> [What is expected]: Type out each entry exactly as it appears, but keep every image out.

Data for this task below:

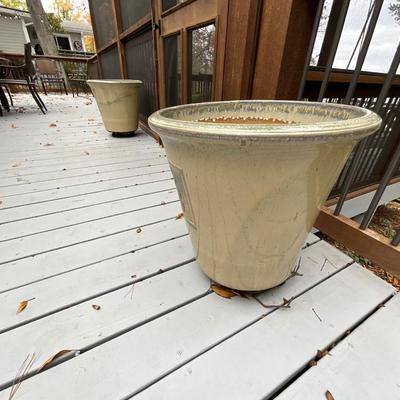 Pair of Concrete Pots on rollers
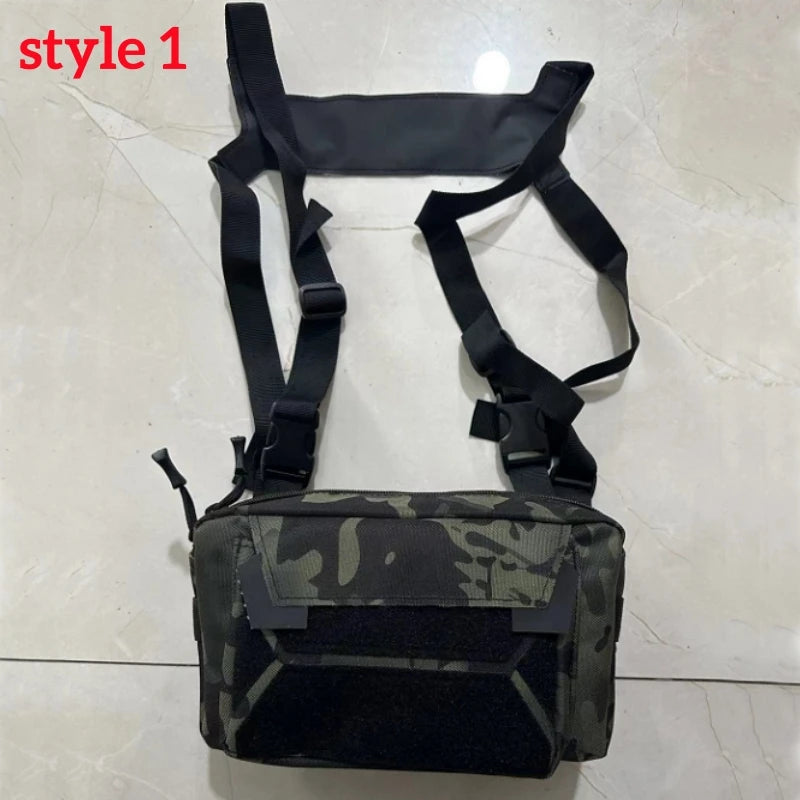 Fishing Vest Bag Men's Camo Fishing Lures Utility Tackle Chest Bags Waist Pack Outdoor Mountaineering Camping Hiking EDC Hunting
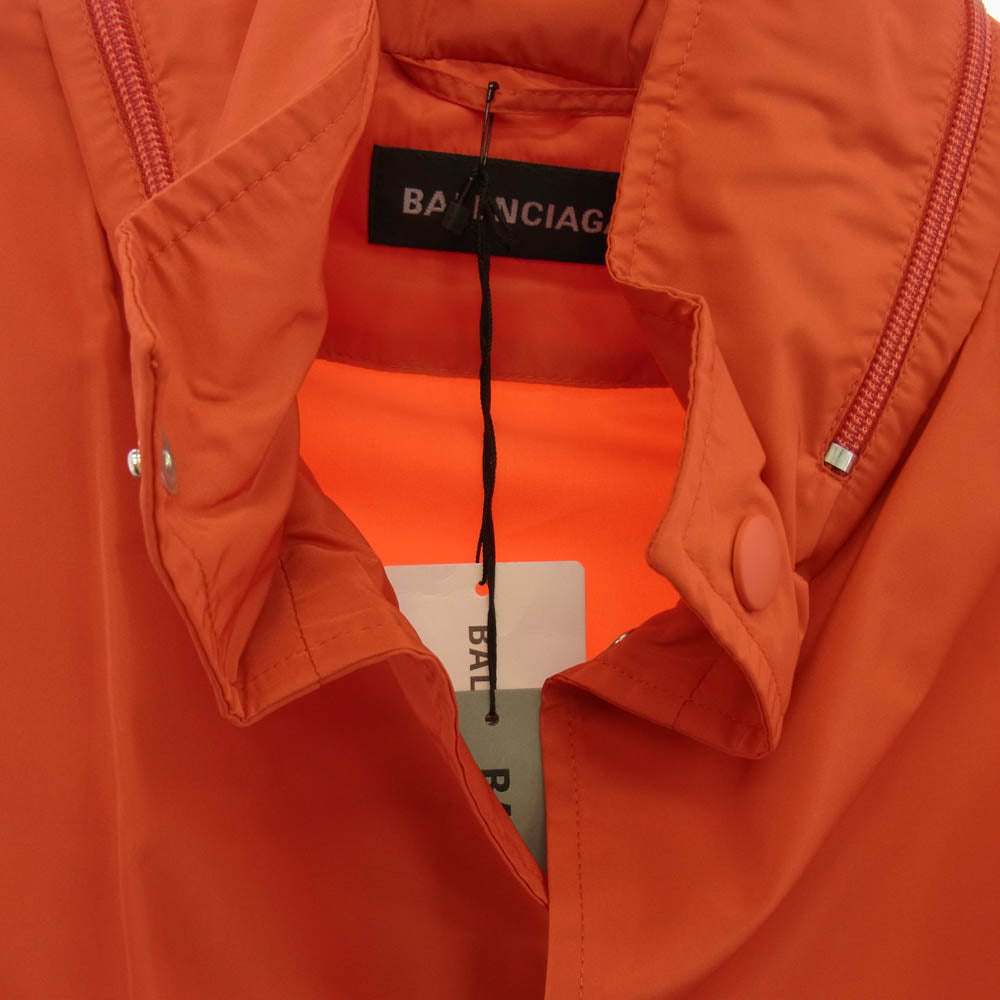 BALENCIAGA バレンシアガ 19AW 556238 TYD36 Logo Raincoat バックロゴ レインコート フーデッドロングジャケット ウィンドブレーカー レッド系 46【極上美品】【中古】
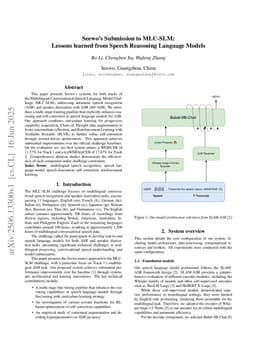Seewo's Submission to MLC-SLM: Lessons learned from Speech Reasoning Language Models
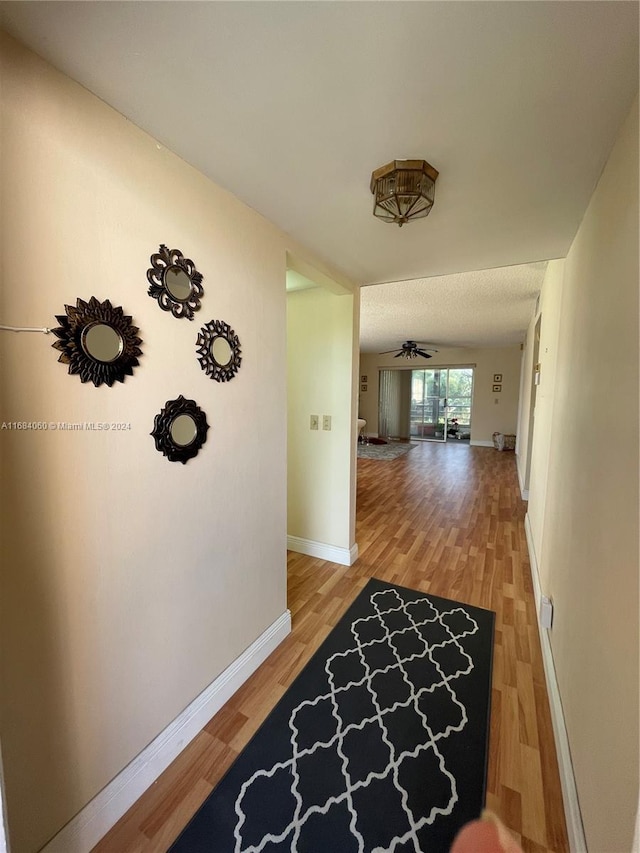 corridor with hardwood / wood-style floors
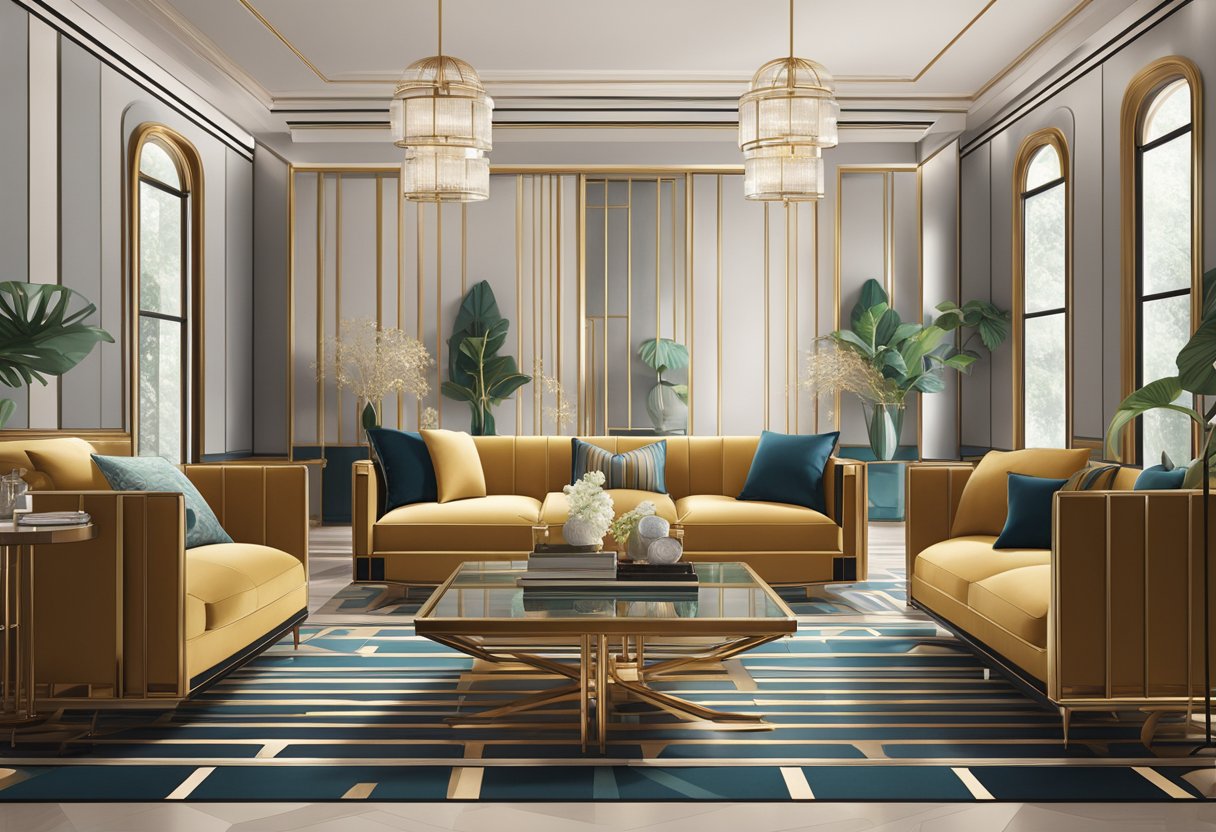 A room filled with elegant art deco reproduction furniture, featuring sleek lines, geometric patterns, and luxurious materials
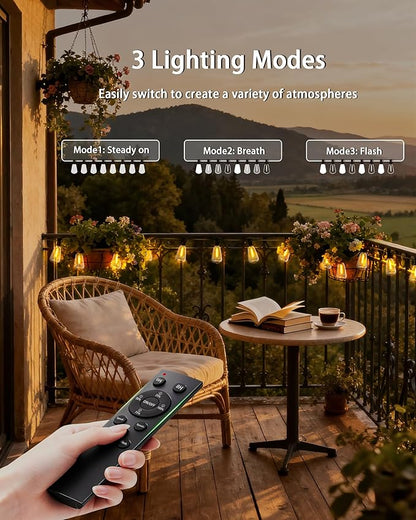 Outdoor String Lights Dimmable Waterproof with Remote, 100FT 38+2 Shatterproof ST38 Edison LED Bulbs Hanging Outside Light for Patio, Backyard, Porch, Deck, Balcony, Garden
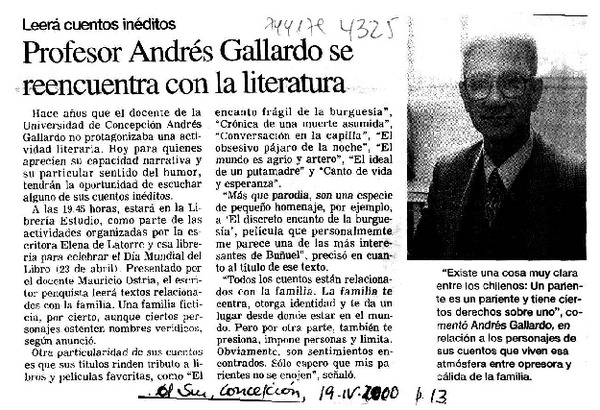 Profesor Andrés Gallardo se reencuentra con la literatura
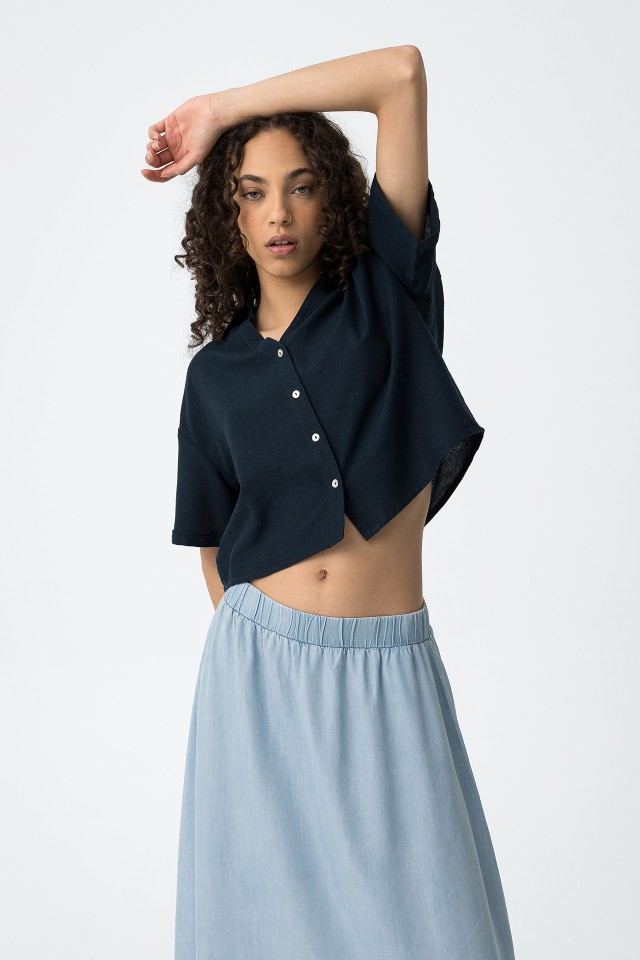 Short Sleeve Shirt with Linen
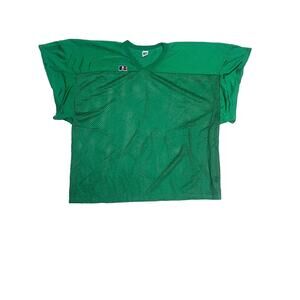 Vintage 90s USA Russell Athletic Football Crop Jersey Green Men's 2XL Knit Blank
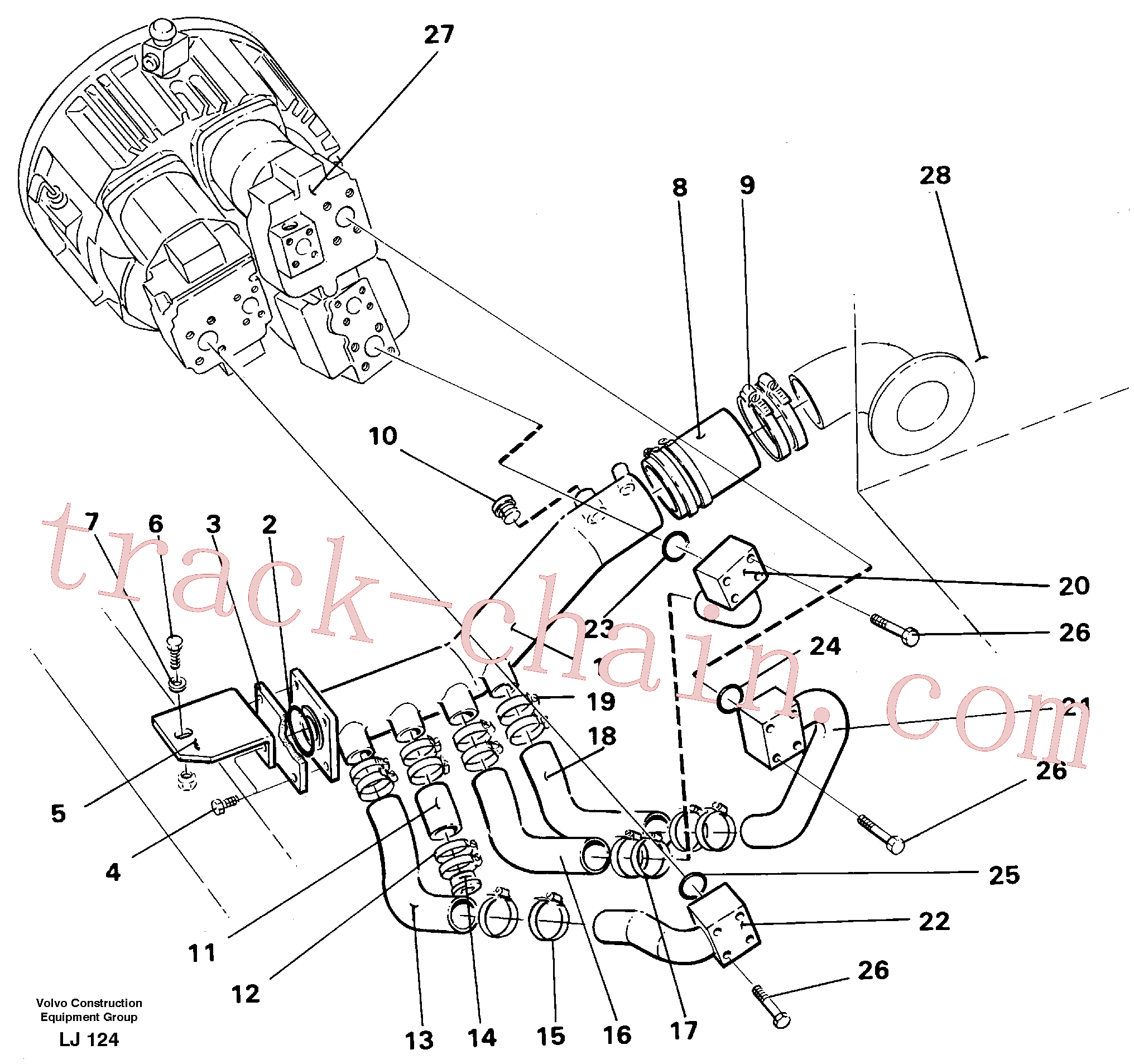 VOE14238071 for Volvo Hydraulic system suction lines(LJ124 assembly)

End of Data for this task.

> [The completed task]:
 Pair of Concrete Pots on rollers
 Fishing Vest Bag Men's Camo Fishing Lures Utility Tackle Chest Bags Waist Pack Outdoor Mountaineering Camping Hiking EDC Hunting
 BALENCIAGA バレンシアガ 19AW 556238 TYD36 Logo Raincoat バックロゴ レインコート フーデッドロングジャケット ウィンドブレーカー レッド系 46【極上美品】【中古】
Seewo's Submission to MLC-SLM: Lessons learned from Speech Reasoning Language Models
 corridor with hardwood / wood-style floors
 A room filled with elegant art deco reproduction furniture, featuring sleek lines, geometric patterns, and luxurious materials
 Outdoor String Lights Dimmable Waterproof with Remote, 100FT 38+2 Shatterproof ST38 Edison LED Bulbs Hanging Outside Light for Patio, Backyard, Porch, Deck, Balcony, Garden
 Profesor Andrés Gallardo se reencuentra con la literatura
 Short Sleeve Shirt with Linen
 Vintage 90s USA Russell Athletic Football Crop Jersey Green Men's 2XL Knit Blank
 VOE14238071 for Volvo Hydraulic system suction lines(LJ124 assembly)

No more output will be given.